Obama Administration Moves to Slash Smokestack Greenhouse Pollution

The Environmental Protection Agency has released its first major rule proposal to slash greenhouse gas pollution from large industrial facilities and power plants around the country.
It's the first federal move toward regulating heat-trapping gases from stationary sources; tougher auto emissions standards were introduced earlier in the year. According to EPA, the rule fits in with its authority under the Clean Air Act to regulate air pollutants, and will stand up to legal challenges.
Under the new rule, new or significantly modified facilities would be required to get pollution permits if they emit 25,000 tons or more of carbon dioxide and five other climate-changing pollutants. These facilities would be required to use the "best available control technologies" (called "BACT" in enviro-wonkese) to filter their emissions.
This threshold, which would affect around 14,000 heavy industry and energy-generating facilities, is around 100 times greater than the regulatory triggers for other air pollutants known to hurt human health and the environment, such as sulfur dioxide and nitrogen oxide. It is large enough to effectively remove small and medium-scale businesses from the regulation's scope.
Critics of the regulations have been spinning "doomsday scenarios, with EPA regulating everything from cows to the local Dunkin' Donuts," said EPA Administrator Lisa Jackson at a press conference this afternoon."Let's be clear: That's not going to happen. We have carefully crafted the regulation to exempt most small and medium sized businesses," while targeting emitters where it will have the greatest positive impact on curbing global warming.
EPA will work with both state regulators and facility operators to figure out how to best assess the control technologies being used to filter out or otherwise contain the greenhouse pollutants, Jackson said.
Asked how the rule would fit into the House or Senate climate bills, Jackson emphasized that she supports a legislative solution to carbon regulation.

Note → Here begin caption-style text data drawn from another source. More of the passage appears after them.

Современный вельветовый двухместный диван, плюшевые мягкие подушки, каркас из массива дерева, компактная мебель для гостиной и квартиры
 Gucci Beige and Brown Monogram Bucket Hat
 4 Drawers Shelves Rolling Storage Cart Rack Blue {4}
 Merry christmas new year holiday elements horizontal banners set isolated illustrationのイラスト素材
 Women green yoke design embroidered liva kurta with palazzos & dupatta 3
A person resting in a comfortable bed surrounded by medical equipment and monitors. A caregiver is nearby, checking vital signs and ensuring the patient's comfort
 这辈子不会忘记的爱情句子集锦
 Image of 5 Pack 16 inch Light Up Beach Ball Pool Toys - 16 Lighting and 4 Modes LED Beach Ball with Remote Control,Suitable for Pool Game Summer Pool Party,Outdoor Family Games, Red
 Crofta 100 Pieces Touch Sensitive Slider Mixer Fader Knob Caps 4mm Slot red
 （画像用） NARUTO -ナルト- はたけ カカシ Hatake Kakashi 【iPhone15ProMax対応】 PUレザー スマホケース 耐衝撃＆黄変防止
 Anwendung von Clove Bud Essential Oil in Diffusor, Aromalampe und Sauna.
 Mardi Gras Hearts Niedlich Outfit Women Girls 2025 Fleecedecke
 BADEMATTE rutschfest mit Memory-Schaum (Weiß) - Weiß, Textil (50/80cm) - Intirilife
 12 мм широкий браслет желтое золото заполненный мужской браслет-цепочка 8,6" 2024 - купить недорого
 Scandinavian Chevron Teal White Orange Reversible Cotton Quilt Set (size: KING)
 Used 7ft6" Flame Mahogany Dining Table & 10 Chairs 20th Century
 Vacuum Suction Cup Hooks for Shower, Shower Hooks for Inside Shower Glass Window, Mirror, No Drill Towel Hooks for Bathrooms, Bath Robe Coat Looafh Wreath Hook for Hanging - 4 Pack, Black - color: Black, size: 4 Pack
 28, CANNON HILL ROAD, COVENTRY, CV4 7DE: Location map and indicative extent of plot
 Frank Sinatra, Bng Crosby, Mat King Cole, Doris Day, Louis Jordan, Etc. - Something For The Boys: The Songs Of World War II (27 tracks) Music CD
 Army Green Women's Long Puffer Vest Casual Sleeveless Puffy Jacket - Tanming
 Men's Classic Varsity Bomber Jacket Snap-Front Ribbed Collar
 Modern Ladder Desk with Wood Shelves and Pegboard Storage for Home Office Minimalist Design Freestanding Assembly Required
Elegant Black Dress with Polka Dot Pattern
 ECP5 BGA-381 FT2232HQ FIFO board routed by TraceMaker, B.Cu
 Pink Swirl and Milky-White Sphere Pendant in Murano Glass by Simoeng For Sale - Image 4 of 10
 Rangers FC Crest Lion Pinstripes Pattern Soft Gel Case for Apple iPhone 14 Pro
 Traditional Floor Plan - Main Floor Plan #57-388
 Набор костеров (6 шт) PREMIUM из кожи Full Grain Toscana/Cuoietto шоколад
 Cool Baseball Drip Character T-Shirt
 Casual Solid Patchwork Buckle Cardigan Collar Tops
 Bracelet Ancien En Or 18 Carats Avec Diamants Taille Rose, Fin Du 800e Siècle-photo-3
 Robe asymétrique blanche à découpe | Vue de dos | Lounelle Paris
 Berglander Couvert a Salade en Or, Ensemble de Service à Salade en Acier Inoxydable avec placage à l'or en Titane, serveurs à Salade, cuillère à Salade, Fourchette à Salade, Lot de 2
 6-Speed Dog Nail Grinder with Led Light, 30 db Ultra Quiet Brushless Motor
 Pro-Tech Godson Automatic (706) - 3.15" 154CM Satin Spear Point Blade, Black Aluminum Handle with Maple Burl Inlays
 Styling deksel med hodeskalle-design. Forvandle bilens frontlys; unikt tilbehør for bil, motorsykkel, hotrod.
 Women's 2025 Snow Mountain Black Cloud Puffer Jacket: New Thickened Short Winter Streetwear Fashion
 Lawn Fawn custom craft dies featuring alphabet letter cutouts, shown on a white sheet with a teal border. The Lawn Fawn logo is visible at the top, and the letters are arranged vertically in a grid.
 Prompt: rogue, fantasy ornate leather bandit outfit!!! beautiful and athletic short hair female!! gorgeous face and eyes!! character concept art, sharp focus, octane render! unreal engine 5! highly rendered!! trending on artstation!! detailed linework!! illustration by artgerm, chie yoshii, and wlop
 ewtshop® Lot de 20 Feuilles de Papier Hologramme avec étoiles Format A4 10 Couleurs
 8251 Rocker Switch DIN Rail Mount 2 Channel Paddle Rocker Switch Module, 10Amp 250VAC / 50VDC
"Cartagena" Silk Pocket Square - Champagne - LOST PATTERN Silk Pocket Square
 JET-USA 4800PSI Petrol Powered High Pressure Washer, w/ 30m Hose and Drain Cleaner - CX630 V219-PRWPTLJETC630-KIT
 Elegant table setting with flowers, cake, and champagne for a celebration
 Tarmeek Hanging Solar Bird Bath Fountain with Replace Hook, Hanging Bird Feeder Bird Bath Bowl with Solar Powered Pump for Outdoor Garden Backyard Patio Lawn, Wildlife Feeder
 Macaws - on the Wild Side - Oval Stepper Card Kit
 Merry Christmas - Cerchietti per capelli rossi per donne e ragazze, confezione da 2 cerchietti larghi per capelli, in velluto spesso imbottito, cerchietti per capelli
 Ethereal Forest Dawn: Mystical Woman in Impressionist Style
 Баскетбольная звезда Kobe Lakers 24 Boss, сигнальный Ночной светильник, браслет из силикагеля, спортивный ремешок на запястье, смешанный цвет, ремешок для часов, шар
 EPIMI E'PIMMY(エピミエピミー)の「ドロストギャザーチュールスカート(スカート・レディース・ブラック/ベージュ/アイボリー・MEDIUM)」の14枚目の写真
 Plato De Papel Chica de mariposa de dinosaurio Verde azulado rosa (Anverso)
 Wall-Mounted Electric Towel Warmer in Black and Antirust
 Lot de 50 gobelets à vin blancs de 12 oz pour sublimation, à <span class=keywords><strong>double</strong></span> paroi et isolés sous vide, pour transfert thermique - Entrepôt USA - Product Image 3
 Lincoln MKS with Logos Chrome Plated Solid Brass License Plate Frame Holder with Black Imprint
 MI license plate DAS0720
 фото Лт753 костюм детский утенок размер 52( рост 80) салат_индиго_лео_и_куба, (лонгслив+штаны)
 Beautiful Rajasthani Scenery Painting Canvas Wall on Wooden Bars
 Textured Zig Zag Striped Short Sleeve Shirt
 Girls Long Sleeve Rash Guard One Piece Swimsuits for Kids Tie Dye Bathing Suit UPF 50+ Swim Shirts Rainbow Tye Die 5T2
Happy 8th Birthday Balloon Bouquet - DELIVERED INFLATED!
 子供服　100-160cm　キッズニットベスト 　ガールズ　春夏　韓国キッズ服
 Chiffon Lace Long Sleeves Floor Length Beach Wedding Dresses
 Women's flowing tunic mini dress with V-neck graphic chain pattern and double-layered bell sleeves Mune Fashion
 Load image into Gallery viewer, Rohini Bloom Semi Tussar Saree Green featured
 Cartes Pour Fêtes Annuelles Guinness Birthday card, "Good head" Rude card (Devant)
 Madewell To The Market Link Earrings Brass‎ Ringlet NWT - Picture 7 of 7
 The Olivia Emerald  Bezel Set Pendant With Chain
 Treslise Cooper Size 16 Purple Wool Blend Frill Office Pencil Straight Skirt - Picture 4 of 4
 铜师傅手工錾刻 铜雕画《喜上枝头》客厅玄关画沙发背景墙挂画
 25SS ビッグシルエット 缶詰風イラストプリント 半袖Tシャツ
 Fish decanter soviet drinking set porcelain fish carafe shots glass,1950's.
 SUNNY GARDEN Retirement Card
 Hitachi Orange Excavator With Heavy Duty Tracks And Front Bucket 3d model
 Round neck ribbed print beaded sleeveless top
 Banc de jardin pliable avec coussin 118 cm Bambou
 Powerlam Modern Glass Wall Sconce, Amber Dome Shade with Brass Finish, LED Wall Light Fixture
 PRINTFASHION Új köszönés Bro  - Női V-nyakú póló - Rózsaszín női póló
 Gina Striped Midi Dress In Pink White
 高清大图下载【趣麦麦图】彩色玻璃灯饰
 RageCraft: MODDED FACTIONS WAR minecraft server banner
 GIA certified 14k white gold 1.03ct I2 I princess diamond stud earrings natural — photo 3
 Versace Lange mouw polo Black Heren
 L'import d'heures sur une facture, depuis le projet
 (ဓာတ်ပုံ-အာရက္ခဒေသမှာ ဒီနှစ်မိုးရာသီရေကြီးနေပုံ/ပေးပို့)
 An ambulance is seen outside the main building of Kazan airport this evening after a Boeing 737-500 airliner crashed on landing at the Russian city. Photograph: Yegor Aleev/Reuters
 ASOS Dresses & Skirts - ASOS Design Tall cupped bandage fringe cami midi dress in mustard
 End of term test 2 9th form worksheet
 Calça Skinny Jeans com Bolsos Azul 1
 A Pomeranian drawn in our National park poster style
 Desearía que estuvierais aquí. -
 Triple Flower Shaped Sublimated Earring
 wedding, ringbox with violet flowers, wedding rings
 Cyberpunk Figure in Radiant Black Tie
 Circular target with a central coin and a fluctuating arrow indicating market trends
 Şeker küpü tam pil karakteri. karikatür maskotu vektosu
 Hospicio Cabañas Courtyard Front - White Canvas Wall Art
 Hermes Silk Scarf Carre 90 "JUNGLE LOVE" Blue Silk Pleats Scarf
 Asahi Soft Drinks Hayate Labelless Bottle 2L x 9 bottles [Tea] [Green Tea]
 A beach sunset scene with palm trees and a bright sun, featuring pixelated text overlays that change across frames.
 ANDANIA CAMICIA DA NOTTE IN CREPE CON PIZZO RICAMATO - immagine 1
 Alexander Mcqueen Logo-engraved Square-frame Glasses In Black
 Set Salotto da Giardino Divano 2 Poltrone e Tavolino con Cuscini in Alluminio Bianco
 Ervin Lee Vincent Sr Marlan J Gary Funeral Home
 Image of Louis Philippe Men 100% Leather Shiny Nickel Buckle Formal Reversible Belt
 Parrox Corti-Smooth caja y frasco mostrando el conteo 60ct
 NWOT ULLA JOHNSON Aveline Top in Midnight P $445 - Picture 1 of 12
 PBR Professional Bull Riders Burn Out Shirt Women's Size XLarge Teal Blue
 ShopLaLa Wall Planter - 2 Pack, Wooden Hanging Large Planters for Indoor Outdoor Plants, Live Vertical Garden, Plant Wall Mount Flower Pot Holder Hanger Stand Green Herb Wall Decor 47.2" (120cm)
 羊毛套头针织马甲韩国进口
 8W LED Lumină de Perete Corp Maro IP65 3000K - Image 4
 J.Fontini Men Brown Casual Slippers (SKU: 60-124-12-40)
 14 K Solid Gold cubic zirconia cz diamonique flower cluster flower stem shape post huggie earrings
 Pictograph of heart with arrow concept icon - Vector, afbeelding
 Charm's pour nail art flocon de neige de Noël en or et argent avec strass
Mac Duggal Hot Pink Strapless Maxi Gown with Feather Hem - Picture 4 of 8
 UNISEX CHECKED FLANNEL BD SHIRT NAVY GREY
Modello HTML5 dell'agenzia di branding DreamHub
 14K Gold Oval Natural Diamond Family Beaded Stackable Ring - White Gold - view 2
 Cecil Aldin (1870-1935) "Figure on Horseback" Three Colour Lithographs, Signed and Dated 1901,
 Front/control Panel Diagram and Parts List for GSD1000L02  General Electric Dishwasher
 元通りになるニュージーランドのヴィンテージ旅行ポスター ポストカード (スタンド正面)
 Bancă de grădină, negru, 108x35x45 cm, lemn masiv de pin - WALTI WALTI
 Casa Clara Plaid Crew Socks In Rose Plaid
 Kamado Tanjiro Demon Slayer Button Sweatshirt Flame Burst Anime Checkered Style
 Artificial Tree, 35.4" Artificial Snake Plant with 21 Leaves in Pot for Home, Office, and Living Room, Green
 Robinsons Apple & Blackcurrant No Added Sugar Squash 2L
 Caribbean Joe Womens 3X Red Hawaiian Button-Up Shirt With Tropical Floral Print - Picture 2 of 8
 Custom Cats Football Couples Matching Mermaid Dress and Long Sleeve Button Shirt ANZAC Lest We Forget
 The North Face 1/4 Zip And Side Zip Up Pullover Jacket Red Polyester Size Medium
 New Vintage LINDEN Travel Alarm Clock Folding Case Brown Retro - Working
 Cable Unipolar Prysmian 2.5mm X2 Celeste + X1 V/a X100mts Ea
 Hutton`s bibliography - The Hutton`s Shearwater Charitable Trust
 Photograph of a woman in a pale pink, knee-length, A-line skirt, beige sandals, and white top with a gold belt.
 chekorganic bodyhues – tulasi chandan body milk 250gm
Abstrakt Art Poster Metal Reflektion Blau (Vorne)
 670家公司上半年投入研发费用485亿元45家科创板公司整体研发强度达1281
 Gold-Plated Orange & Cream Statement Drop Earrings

"I firmly believe that economy-wide legislation is the best way to spur our entire economy, to put a price on carbon that will unleash the private sector," Jackon said, "and power it to move forward [on clean energy] by literally leaps and bounds."
In the meantime, the agency is both committed and "compelled" to use its authority under the Clean Air Act to curbing greenhouse pollution, said Jackson. "We've also been smart," she said. "The technical work that EPA will have to do on technology is entirely consistent with work that would have to be done if new legislation is passed.
"So we're not losing any time, we're not adding any workload. We're simply using existing authorities, while we wait, hopefully, for new authorities to come as well."